Na medida em que o ser humano é um ser histórico e que a História é constitutiva do conceito de humanidade, o direito à memória de cada sociedade se torna extensivo a todos os seres humanos. Se esta concepção é válida, é legítimo cobrar do poder público e dos Estados a preservação da memória de suas sociedades. Afinal de contas, é através da memória que se pode construir a identidade ou as identidades humanas e desenvolver a perspectiva de um destino comum dos seres humanos.

No Brasil, o direito de acesso à informação e à proteção dos documentos é definido na Constituição federal de 1988 em vários de seus títulos. A Lei n.º 8.159 (Lei de Arquivos), de 8 de janeiro de 1991, dispõe sobre a política nacional de arquivos públicos e privados para o País e aborda o tema do acesso à informação. A Medida Provisória n.º 228, de 9 de dezembro de 2004, o Decreto n.º 5.301, de 9 de dezembro de 2004, e o Decreto n.º 4.553, de 28 de dezembro de 2002, incidem sobre a regulamentação da preservação e do acesso aos arquivos.

Mesmo que esta questão da preservação e do acesso aos arquivos históricos esteja avançando lentamente, é preciso reconhecer que, no Brasil, em todos os âmbitos do poder - municipal, estadual e federal - a questão da memória histórica vive uma situação caótica e de total falta de regulamentação. Não há a preservação e muito menos a disponibilização dos atos e das decisões dos sucessivos governos. Este desleixo, que há décadas tem tomado conta da documentação e dos arquivos da vida pública brasileira, é grave. Por um lado, perdem-se a memória histórica e o sentido de continuidade. Por outro, sonega-se às gerações presentes e futuras o direito fundamental à memória. Além do desleixo para com a História, isto revela uma falta de senso republicano da nossa cultura política, relacionado à exigência de transparência e do caráter público dos atos do Estado e dos governantes.

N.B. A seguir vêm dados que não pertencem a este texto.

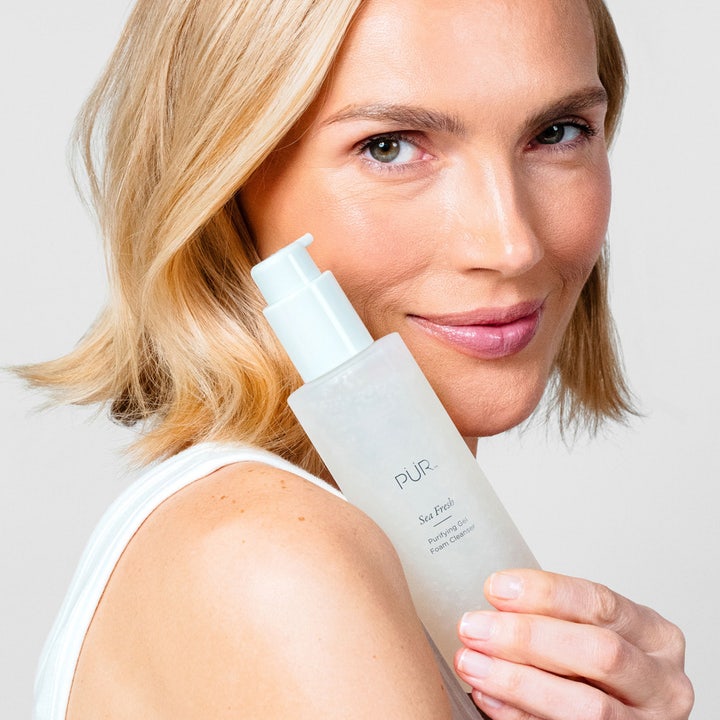 PÜR Sea Fresh Purifying Gel Foam Cleanser 150 ml rengjøringsgel i frostet pumpeflaske holdt av en smilende kvinne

Há que cobrar, portanto, urgentes medidas para que o Estado brasileiro, nas suas esferas federativas - União, Estados e municípios - e nas suas funções de poder - Executivo, Legislativo e Judiciário -, assuma as suas responsabilidades, estabelecendo e regulamentando políticas públicas capazes de criar as condições para a constituição, localização, preservação e disponibilização dos acervos documentais do poder público. A definição de políticas públicas de constituição, preservação e disponibilização de acervos documentais deve caminhar em paralelo com a definição de uma política de transparência e de democratização da gestão administrativa.

Outro aspecto da temática democrática que precisa ser discutido diz respeito à política de indenizações dos perseguidos pelo regime militar. Neste terreno existem evidentes distorções dos fins e dos objetivos das indenizações concedias a perseguidos e prejudicados pelo regime militar. A indenização justa deve ter um sentido essencialmente simbólico, de reparação de um agravo moral cometido pelo Estado, seja por violência física ou outros instrumentos persecutórios que se constituíram numa injustiça e numa violação de direitos das pessoas atingidas.

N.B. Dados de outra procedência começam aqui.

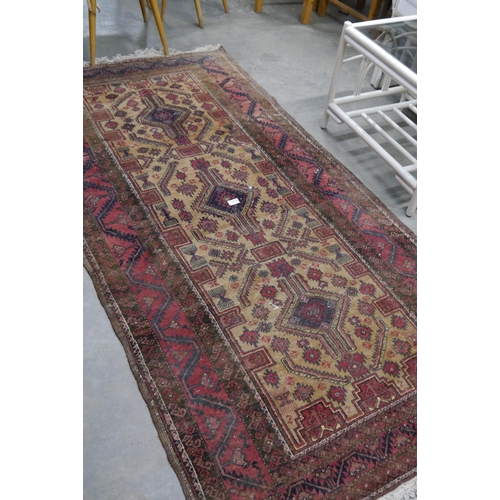 2428 - A brown and red rug 208cm x 106cm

Se é este o sentido da indenização, o seu valor também deve ser simbólico. Afinal de contas, aqueles que lutaram contra o regime o fizeram em nome de ideais e de causas políticas e coletivas, não com o fim privado de auferir recursos pecuniários.

Neste contexto, tornou-se um absurdo inaceitável que o caráter e o valor simbólico das indenizações se tenham transformado em auferição de quantias milionárias. A falha fundamental deste processo, claro, foi dos legisladores e das autoridades que regulamentaram a concessão dessas indenizações milionárias. Por isso, é necessário que as normas e regras que as permitem sejam revistas com urgência.

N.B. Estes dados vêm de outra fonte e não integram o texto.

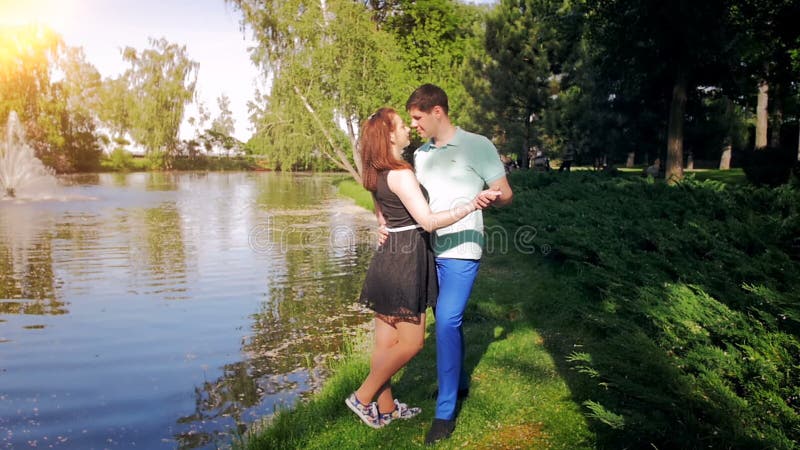 Vidéo animée lente de beaux jeunes couples étreignant sur la rive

Ainda em relação às indenizações, órgãos da imprensa têm noticiado que ex-militares que combateram os grupos guerrilheiros estão pleiteando reparações indenizatórias do Estado.

Na nossa avaliação, o pleito não se justifica e não tem base legal. Afinal de contas, o princípio da indenização está vinculado ao fato de que um Estado de arbítrio violou direitos e garantias individuais das pessoas. Ou seja, o poder arbitrário violou o próprio Estado Democrático de Direito.

Seria paradoxal que os agentes desta violação viessem receber indenização pelos seus atos.